Monday, May 8, 2017

Diary

I've been reading To Begin Where I Am: Selected Essays, by Czeslaw Milosz, and am not sure at this point how much I'll write about it. Some of it repeats from his memoir, Native Realm, which I commented on earlier. At the moment I am finding memoirs slightly oppressive, because they draw you back to a distant past which is only partially remembered, and much is irretrievable. When I try to remember my own past in detail, I soon find it frustrating that I can't remember, say, the name of an elementary school teacher. Straining to recall something that I haven't thought about for fifty years can induce in me a state similar to claustrophobia. Our brains didn't evolve to become huge repositories of information, and an unexpected dysfunction may emerge when one obsesses about one's past. It may be safer and more productive to weave a simple narrative about it and leave it at that.

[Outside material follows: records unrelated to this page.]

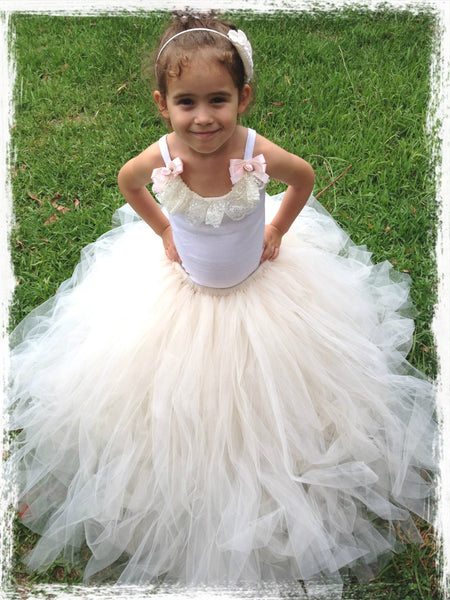 flower girl tutu skirt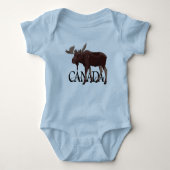 Canada Moose Baby Rompers Baby Canada Souvenirs Romper (Voorkant)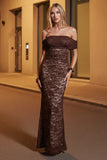 Dulce Lace Maxi Dress Chocolate
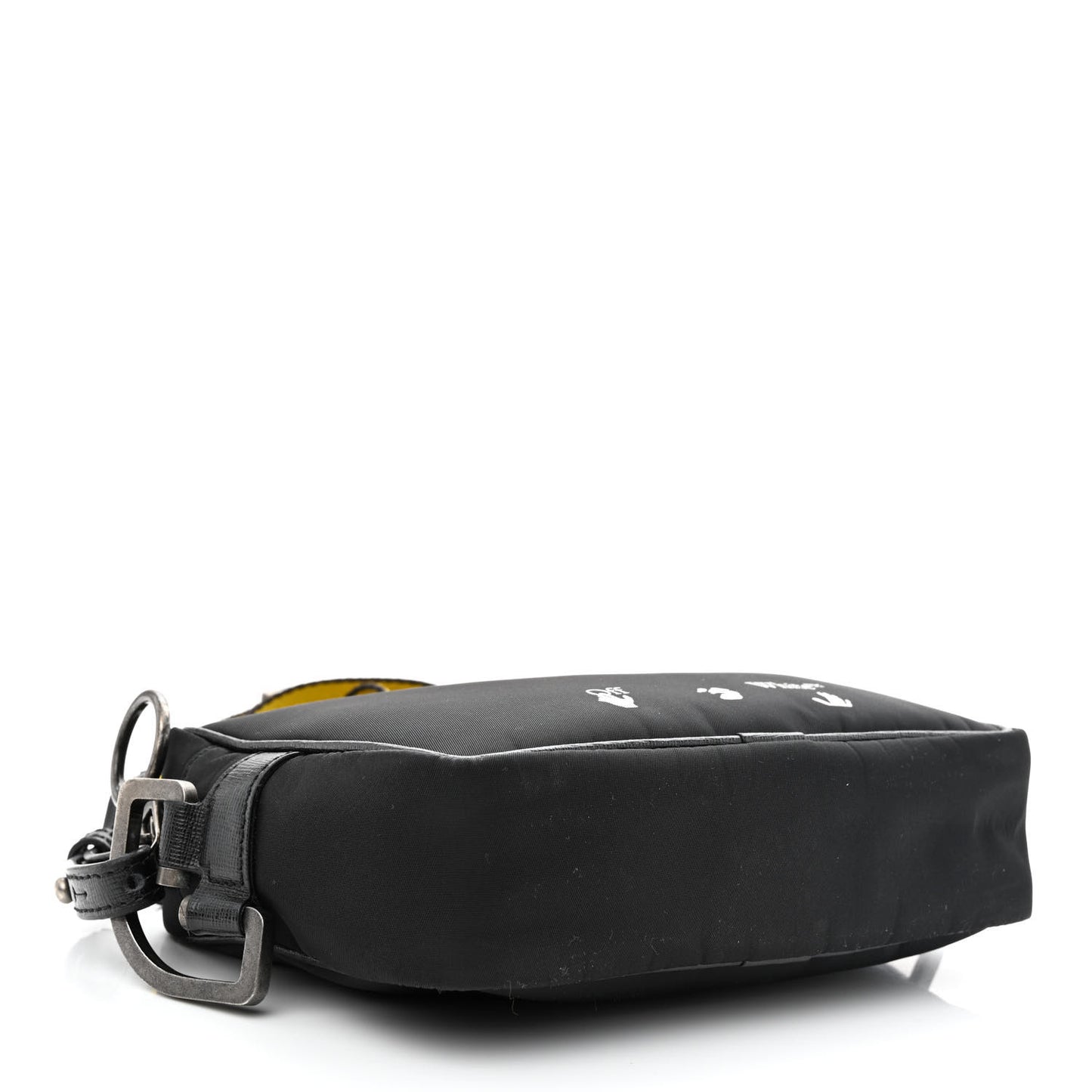 Nylon Logo Print Crossbody Bag Black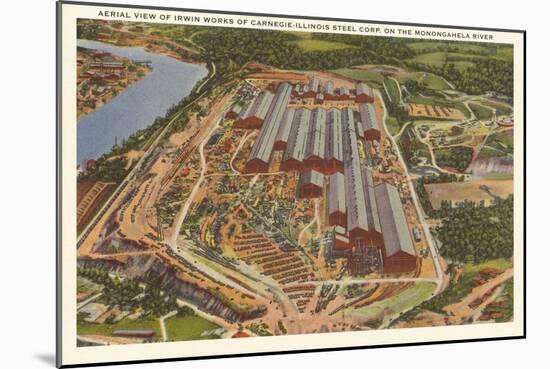 Carnegie-Illinois Steel Mill, Pittsburgh, Pennsylvania-null-Mounted Art Print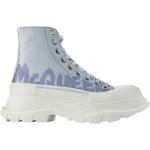 Reduzierte Bunte Alexander McQueen High Top Sneaker & Sneaker Boots mit Schnürsenkel aus Lammleder für Damen Größe 39 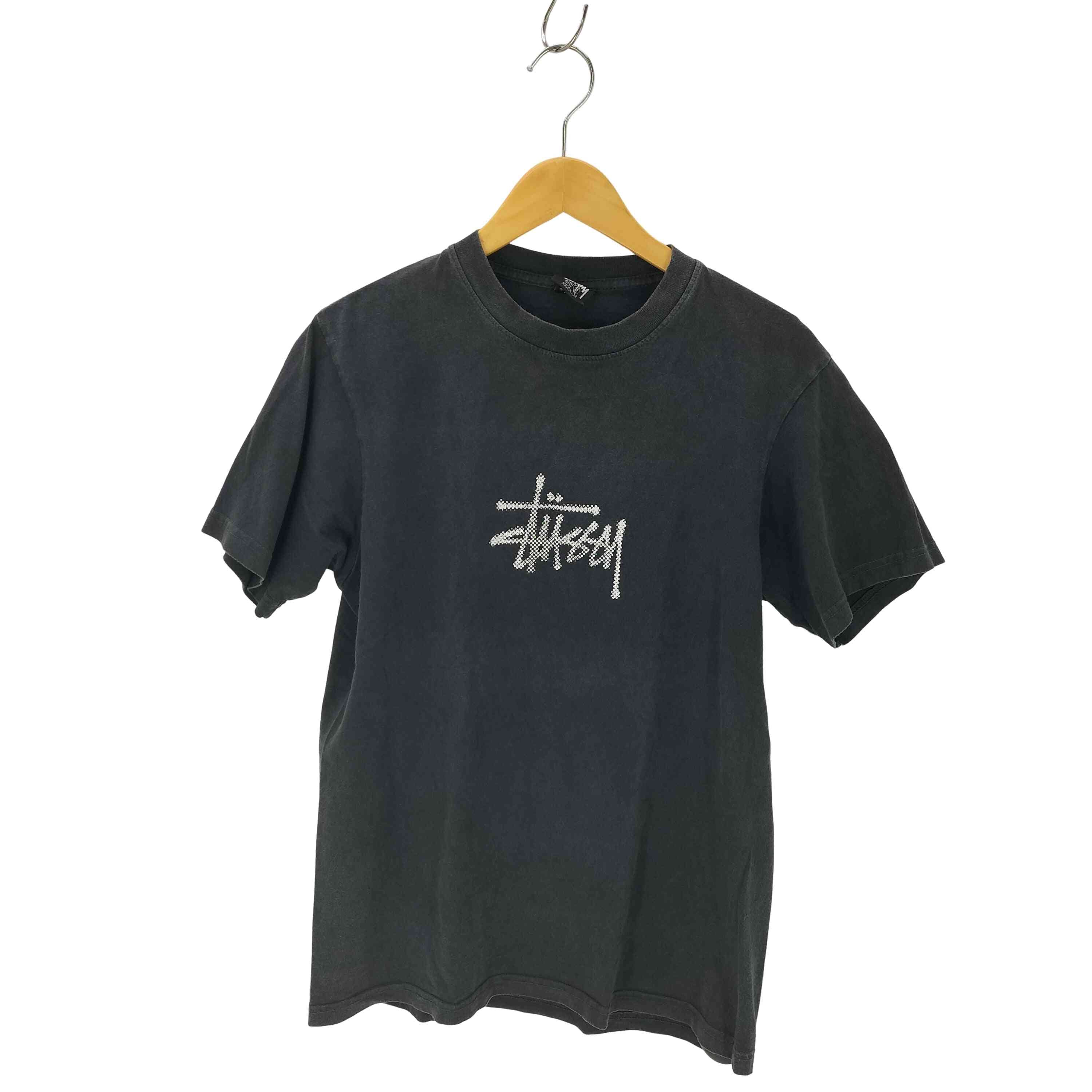 ●90s OLD STUSSY ステューシー 紺タグ ロゴ刺繍 ジップブルゾン STUSSY 1990s SK8 紺タグ S/S TEE L OLD STUSSY made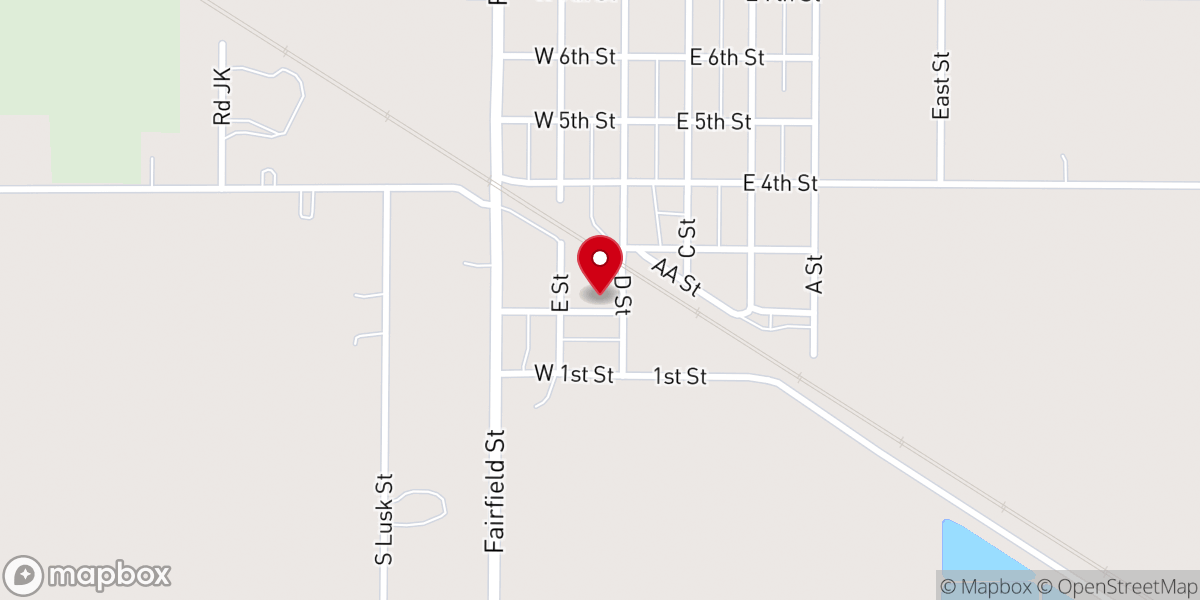 Map showing location of Manna Resort Christian Camp Inc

In Milosz's case, his life had been severely disrupted, and he was aware enough to lament what he knew had been lost. With his poetic sensibility, he reminds me of Dylan Thomas in A Child's Christmas in Wales, though with a more adult, less playful emphasis. Unlike Dylan Thomas, he experienced a life that was spent mostly in exile, and although Paris may not have seemed too far from home, the U.S. certainly did. I respect Milosz because he struggles with meaning and looks at his life more seriously than most writers, even ones with similar backgrounds. Take, for example, Vladimir Nabokov, whose privileged life in Russia was ruined by the Russian Revolution. I was not impressed by Lolita when I read it long ago, because I thought it took a needlessly cynical position on the U.S. and was psychologically shallow. If it hadn't been a novel about pedophilia written by an author with a Russian-sounding name and good academic credentials, I don't think it would have become popular. The impression I have of Nabokov is that he resented having to work for a living, despised Americans, surrounded himself with sycophants and was too self-important to be a good observer. I may be wrong, but I'm unwilling to read any more of his books to find out. Another memoirist, Barack Obama, wrote Dreams of My Father and received critical acclaim. He too experienced disruptions in his life, but they were on a minor scale. He is neither as skilled nor as insightful a writer as Milosz and most likely wrote the memoir in order to embellish his image prior to his entry into politics. I probably won't read his post-presidential books.

There are several essays in Milosz's book that I haven't read yet, and I may or may not comment on them individually.